Indeed, this precise question is posed by Dershowitz himself in his classes as the classic railroad conundrum. With respect to torture, Dershowitz states that he has deliberately tried to begin a debate on torture as a policy question for a democracy to address, specifically that debate is an important aspect when there are situations that lack a simple, 'good' resolution, but instead require the far more difficult 'choice of evil' decisions (Dershowitz, n.d.).

As described by Dershowitz, many authors and philosophers have discussed the 'choice of evil' scenario, of which 'the ticking bomb' is only the latest and most relevant. Assume a terrorist who has been captured, and is known to have information about an imminently impending attack with a weapon of mass destruction that could hypothetically maim and/or kill thousands. The moral dilemma then concerns whether or not torture, to gain potentially life-saving information from said terrorist is justifiable.

Dershowitz goes on to describe his trip to Israel, where he learned that torture as an active method to halt terrorism, or find out about impending terrorist activities, had moved beyond hypothetical into actuality. While Dershowitz himself advocated a 'purist' position - let the bomb go off - he found that Israelis were not willing to do so, even in conversation. Again, Dershowitz discusses his proposed alternative - if torture is going to be used, then make it 'legal' - require a warrant and advanced judicial approval. This idea from Dershowitz, to require judicial approval for torture, apparently engendered considerable attention and criticism from the media, among others. In his opinion, the essence of the idea for judicially approved torture was to arrange for accountability that was public, instead of clandestine actions of torture.

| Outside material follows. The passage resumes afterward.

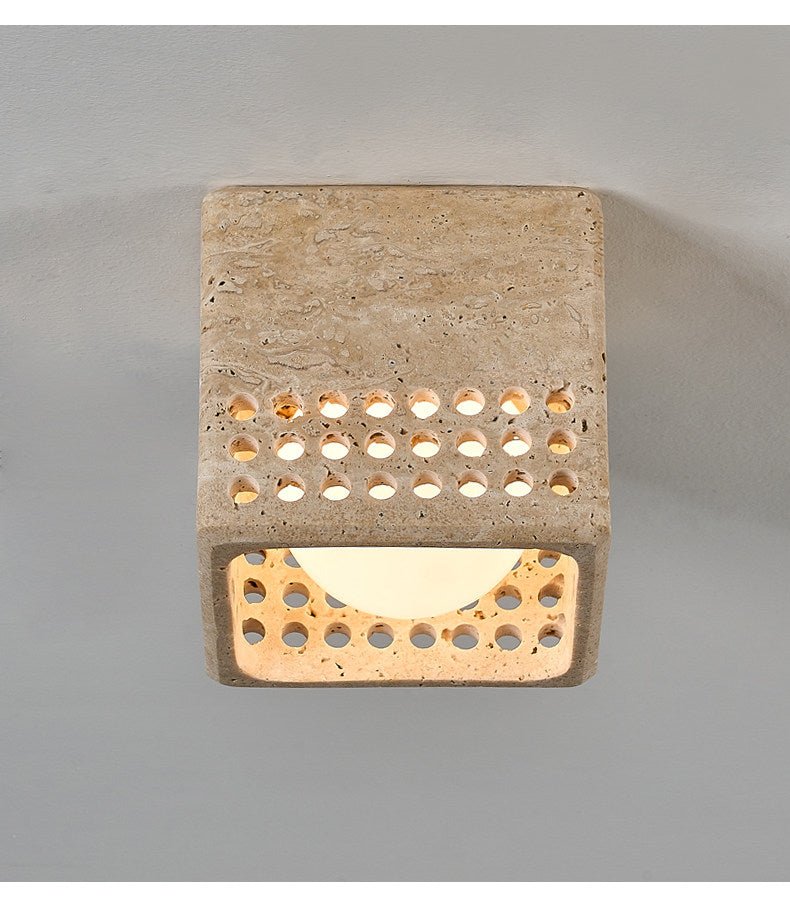 Underside of the square travertine block ceiling light with a lit diffuser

For Dershowitz, legally sanctioned torture was at least a step towards honor and a maximization of civil liberties (Dershowitz A.M., 2002).

Following what is commonly called 9-11, the terrorist attacks of September 11, 2001, the mood, in a strictly emotional sense, as well as the intellectual perspective of the United States' populace towards issues such as torture were both radically altered. Indeed, agents representing the nation's highest law enforcement agency, the Federal Bureau of Investigation, reportedly stated that torture might be deemed necessary to prevent further terrorism such as 9-11 (Pincus, 2001). Following the horrors of Nazi Germany, many Americans, even those young enough not to have lived during that period, viewed torture as an inhumane act done by others, but never by Americans. Thus, the actuality of torture occurring on American soil, being done by Americans was shocking to say the least, and yet simultaneously, the mixed emotions arising from the 9-11 event had seriously altered many opinions as to what was 'right' when it came to terrorists, and gaining potentially life-saving information.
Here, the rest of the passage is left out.